Depuis les années 50, de nombreuses expériences de psychologie sociale ont mis en lumière certains déterminants inconscients de nos décisions. Le premier d’entre eux est l’effet de persévération de la décision, qu’on pourra résumer ainsi : une décision initiale détermine le plus souvent nos décisions futures. Ce phénomène trouve une traduction quotidienne dans ce que les auteurs appellent la « dépense gâchée » : quand un individu a investi (du temps ou de l’argent) dans une ligne de conduite, il préfère s’y tenir même si des choix plus avantageux s’offrent à lui. On préférera par exemple finir un grand cru bouchonné plutôt que d’ouvrir une autre bouteille, meilleure mais moins chère. Cela vaut aussi pour une entreprise qui continue à financer à perte une diversification non rentable. Ou un salarié diplômé qui s’entête dans une carrière qui ne lui convient pas ! Celui qui ne fixe pas de limite à son investissement peut même se retrouver englué dans un « piège abscons », comme le joueur de roulette qui continue de miser tant qu’il n’a pas touché le jackpot.
 
 
 
  Connaître les stratégies... pour mieux les éviter    
 
Les expériences montrent qu’on persévère d’autant plus dans une décision qu’on a l’impression de l’avoir prise librement. Seuls nos actes nous engagent, énonce la théorie de l’engagement : une fois la décision prise, et quelles qu’aient été nos hésitations, nous aurons tendance à ne plus la remettre en cause - quitte à se faire piéger dans une « escalade d’engagement » (la guerre au Vietnam ou celle d'Irak, par exemple). Dès lors, une stratégie classique de manipulation consiste à obtenir un premier engagement, très librement consenti, et de compter sur la persévération de la décision pour obtenir plus : c’est la stratégie de l’amorçage.
   
 
 
 
strategie
  Quelques techniques classiques  
   
De nombreuses techniques reposent ainsi sur une mise en condition initiale de l’interlocuteur. La plus connue est celle du «pied dans la porte». Elle consiste à obtenir de son interlocuteur une première décision très peu coûteuse, « l’acte préparatoire », afin d’en obtenir ensuite de plus importantes. C’est par cette technique que deux chercheurs, en 1966, obtinrent de ménagères californiennes qu’elles posent dans leur jardin un grand panneau publicitaire de prévention routière. En formulant la requête directement, ils n’aboutissaient que dans 17 % des cas. Mais le taux de réussite a grimpé à 76 % lorsque, dans un premier temps, ils demandaient aux ménagères de coller une simple vignette sur leur pare-brise.

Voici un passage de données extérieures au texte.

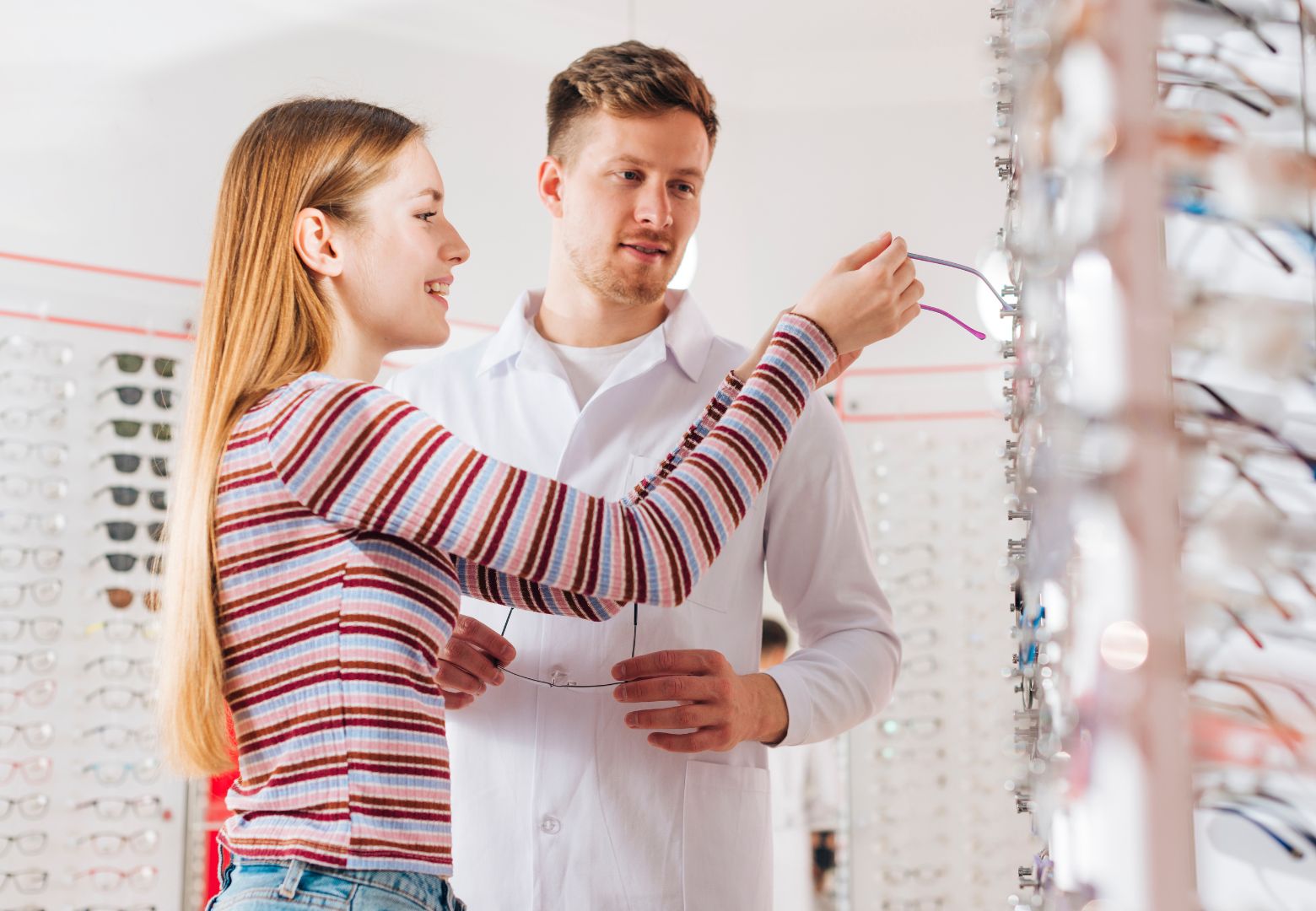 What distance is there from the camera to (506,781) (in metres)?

Autre technique en deux temps : la «porte au nez». Il s’agit cette fois de formuler d’abord une requête exorbitante, irréaliste, avant de se rabattre sur une proposition plus mesurée. Une technique bien connue des démarcheurs de l’humanitaire ou des directeurs négociant de nouveaux budgets. On se penchera enfin sur une technique plus fine : celle du « Mais-vous-êtes-libre-de ». Des expériences récentes montrent que vous avez nettement plus de chances d’obtenir quelque chose de quelqu’un si, en formulant votre requête, vous lui rappelez qu’il (ou elle) est tout à fait libre de refuser. Et cela marche aussi bien pour se faire prêter de l’argent que pour convaincre un ami de vous accompagner au cinéma !
 
 
 
  Théorie de l’engagement et stratégies d’amorçage    
 
« Nous sommes tous des manipulateurs », peut-on alors conclure. Ces techniques, nous les employons au quotidien, sans les avoir théorisées. Ainsi, connaître les stratégies de manipulation permettrait surtout... d’éviter d’être manipulés. Sur ce point, on retiendra quelques conseils basiques. Le plus important étant de savoir revenir sur une décision. Un conseil simple en apparence, mais souvent difficile à mettre en pratique. La seconde recommandation va dans le même sens : il faut savoir considérer deux décisions successives comme indépendantes. Le dernier conseil est dérangeant pour les cartésiens que nous sommes, mais il apparaît pourtant comme une sagesse à l'expérience: « Ne surestimons pas notre liberté ! Acceptons qu’il existe une part de manipulation (parfois d’automanipulation !) dans la plupart de nos actes. Et n’en appelons à notre liberté que pour les grandes décisions susceptibles d’infléchir le cours de notre existence. »
Nous voilà prévenus.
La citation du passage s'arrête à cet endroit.